> WHAT TO WORK ON
Copy, exactly as written, the lines that begin at the one containing "Used Right front" and end at the one containing "Ніж складаний Weknife". Skip any pictures in the data below.

*** Opening of SUPPLIED MATERIAL ***

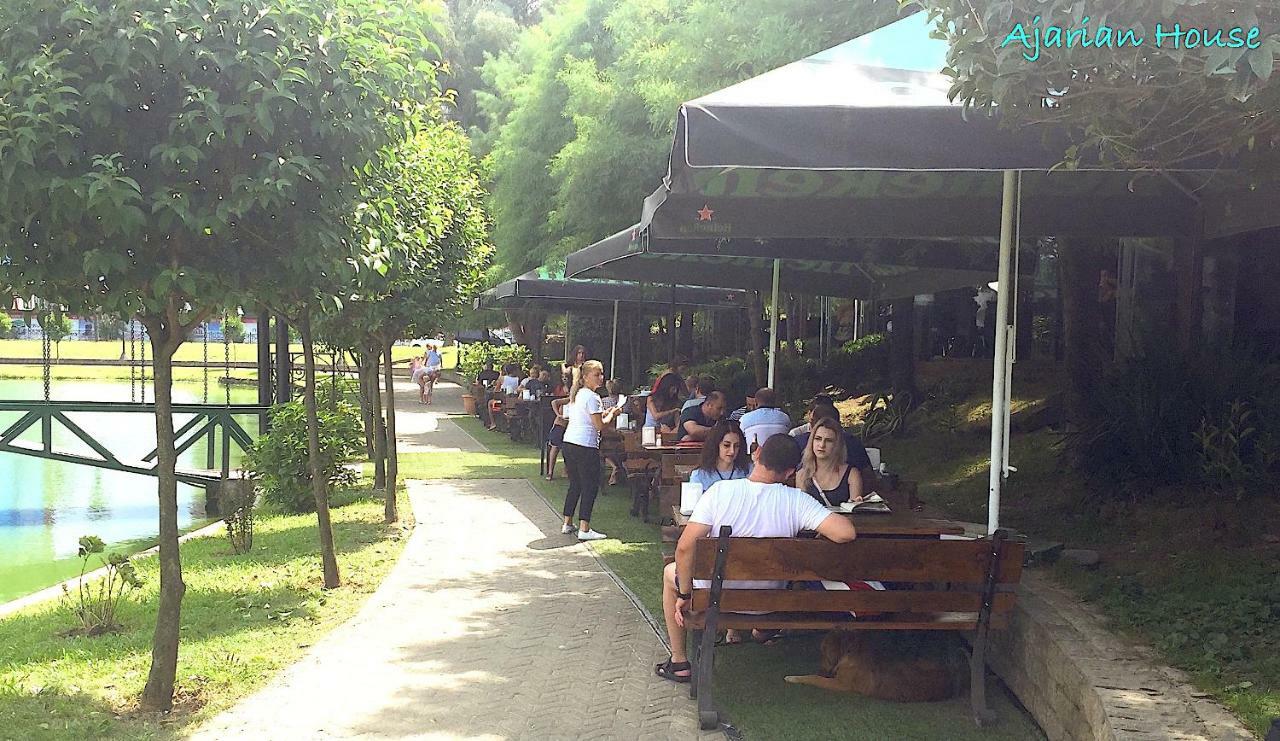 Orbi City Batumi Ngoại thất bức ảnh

*** Close of SUPPLIED MATERIAL ***
*** Opening of SUPPLIED MATERIAL ***

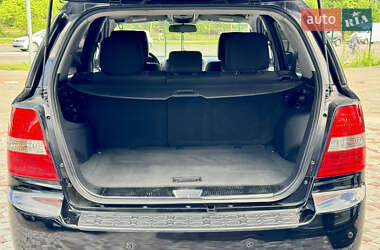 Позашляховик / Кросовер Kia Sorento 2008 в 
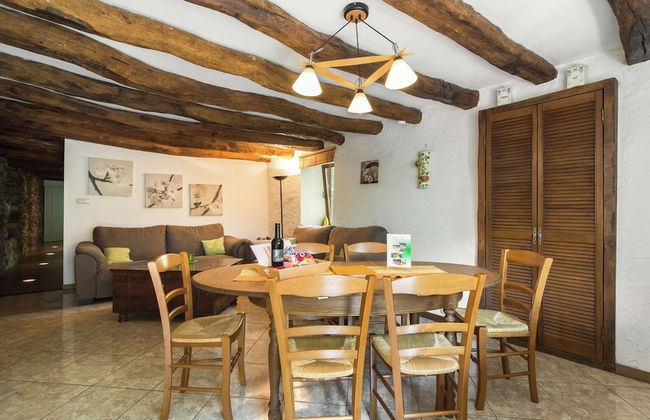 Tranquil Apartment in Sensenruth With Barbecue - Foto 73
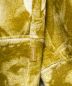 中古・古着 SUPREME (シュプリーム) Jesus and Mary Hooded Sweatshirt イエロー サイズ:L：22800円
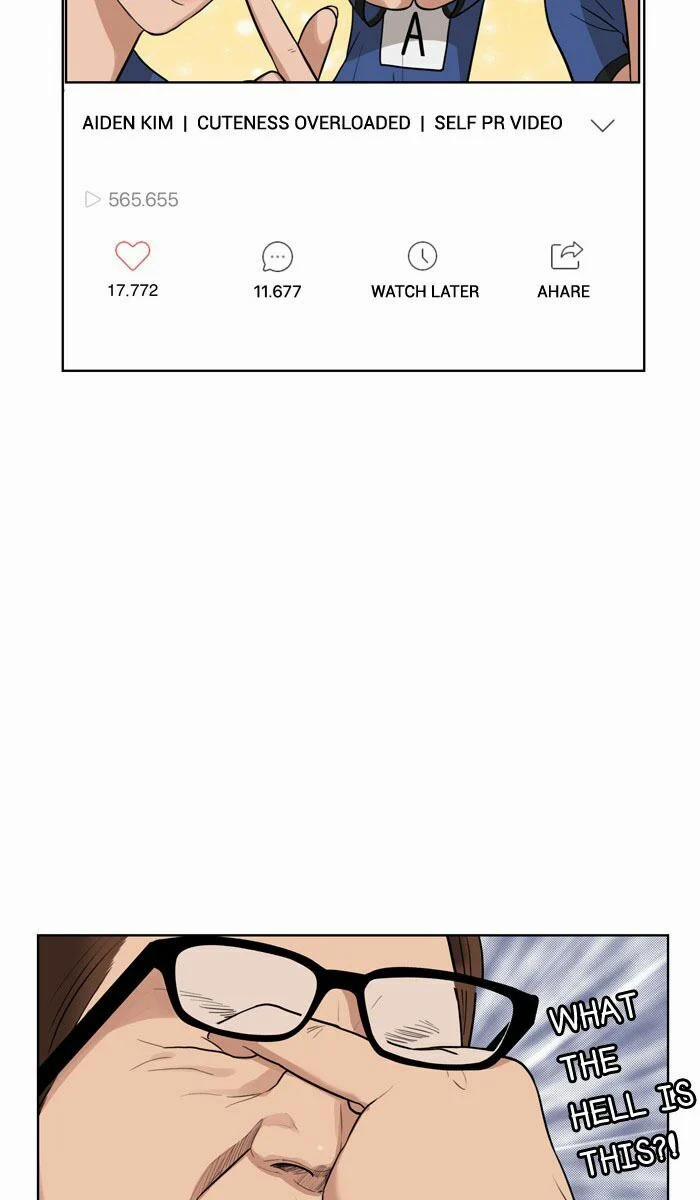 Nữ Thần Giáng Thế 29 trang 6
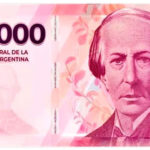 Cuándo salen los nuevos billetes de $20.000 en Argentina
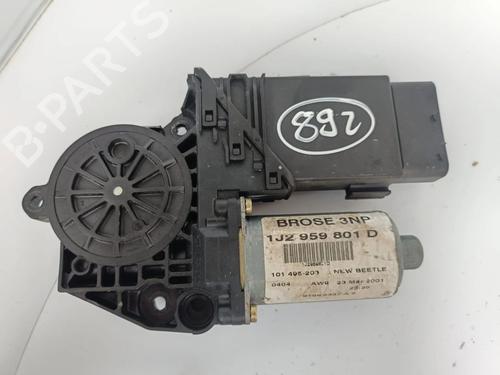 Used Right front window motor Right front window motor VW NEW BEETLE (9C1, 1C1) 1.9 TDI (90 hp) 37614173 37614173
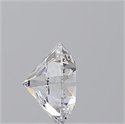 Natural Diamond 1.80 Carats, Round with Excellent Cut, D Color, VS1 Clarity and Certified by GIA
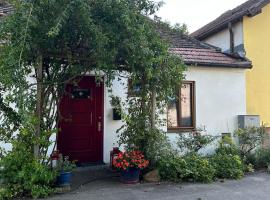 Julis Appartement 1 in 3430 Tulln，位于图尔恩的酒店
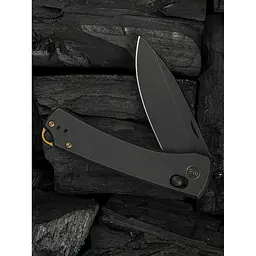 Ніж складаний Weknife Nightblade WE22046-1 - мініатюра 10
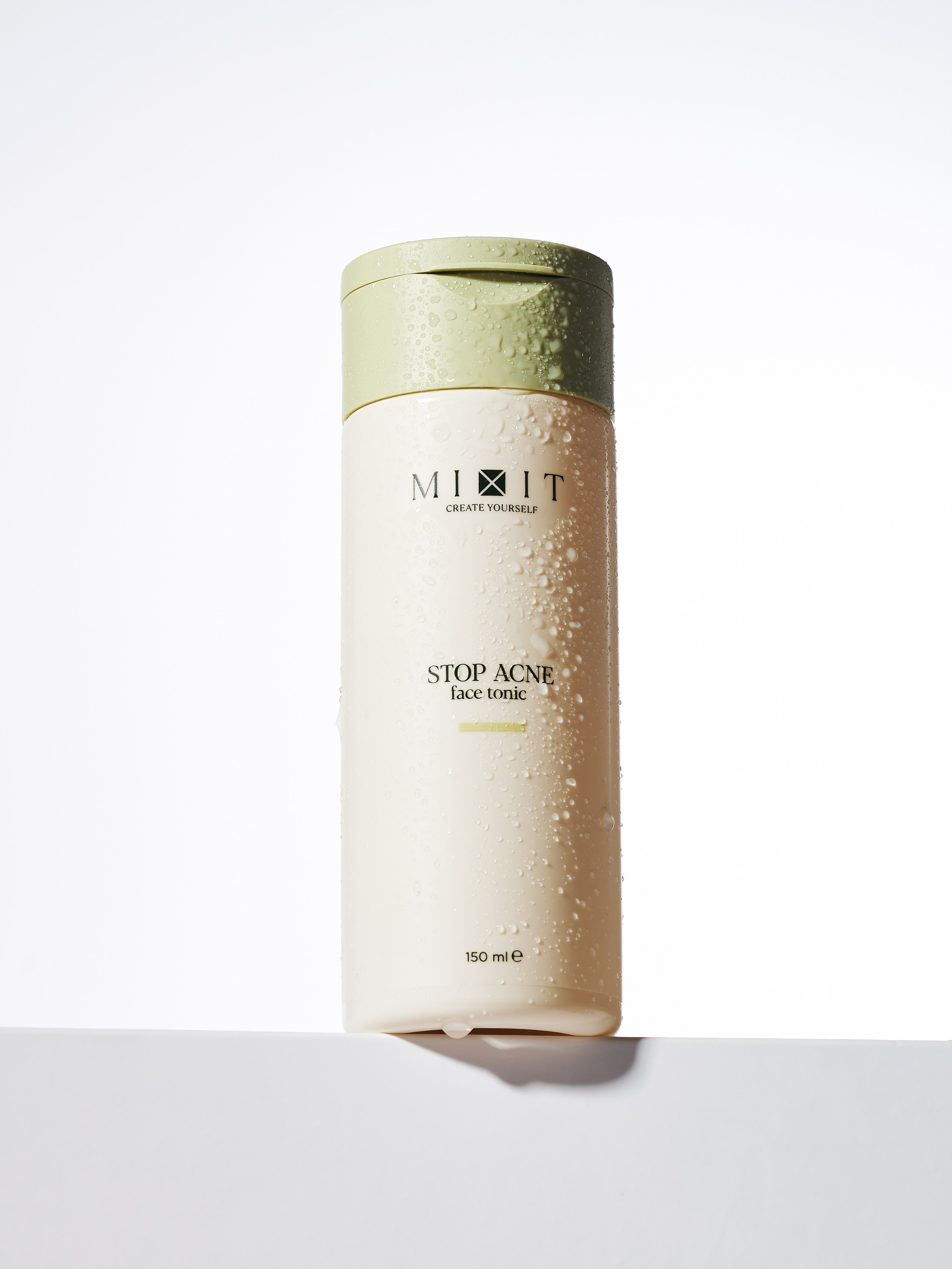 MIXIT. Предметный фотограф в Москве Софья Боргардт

*** Close of SUPPLIED MATERIAL ***
*** Opening of SUPPLIED MATERIAL ***

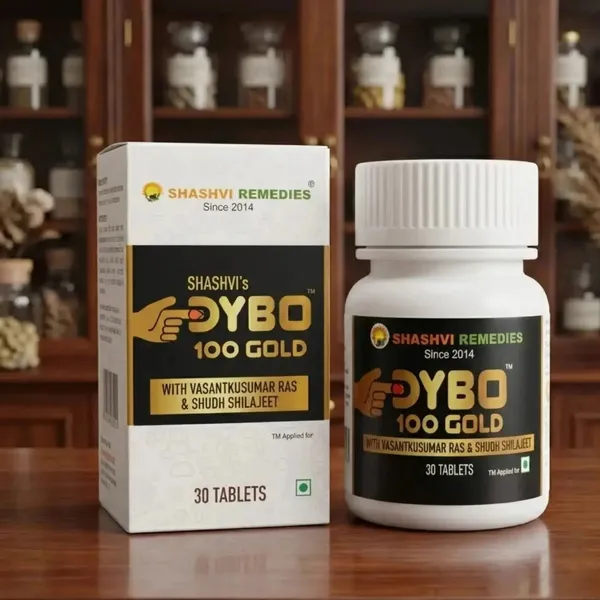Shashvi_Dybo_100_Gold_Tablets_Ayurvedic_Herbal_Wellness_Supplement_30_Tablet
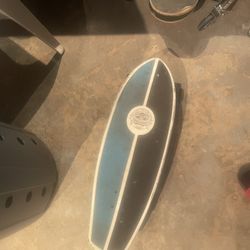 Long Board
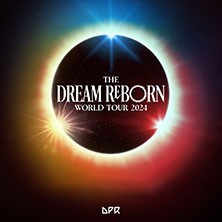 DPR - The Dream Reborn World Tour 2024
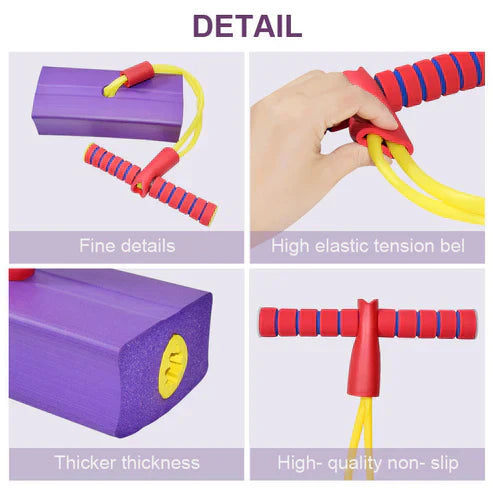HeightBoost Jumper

*** Close of SUPPLIED MATERIAL ***

> TASK OUTPUT
 Used Right front window motor Right front window motor VW NEW BEETLE (9C1, 1C1) 1.9 TDI (90 hp) 37614173 37614173
 Natural Diamond 1.80 Carats, Round with Excellent Cut, D Color, VS1 Clarity and Certified by GIA
 Julis Appartement 1 in 3430 Tulln，位于图尔恩的酒店
 Ніж складаний Weknife Nightblade WE22046-1 - мініатюра 10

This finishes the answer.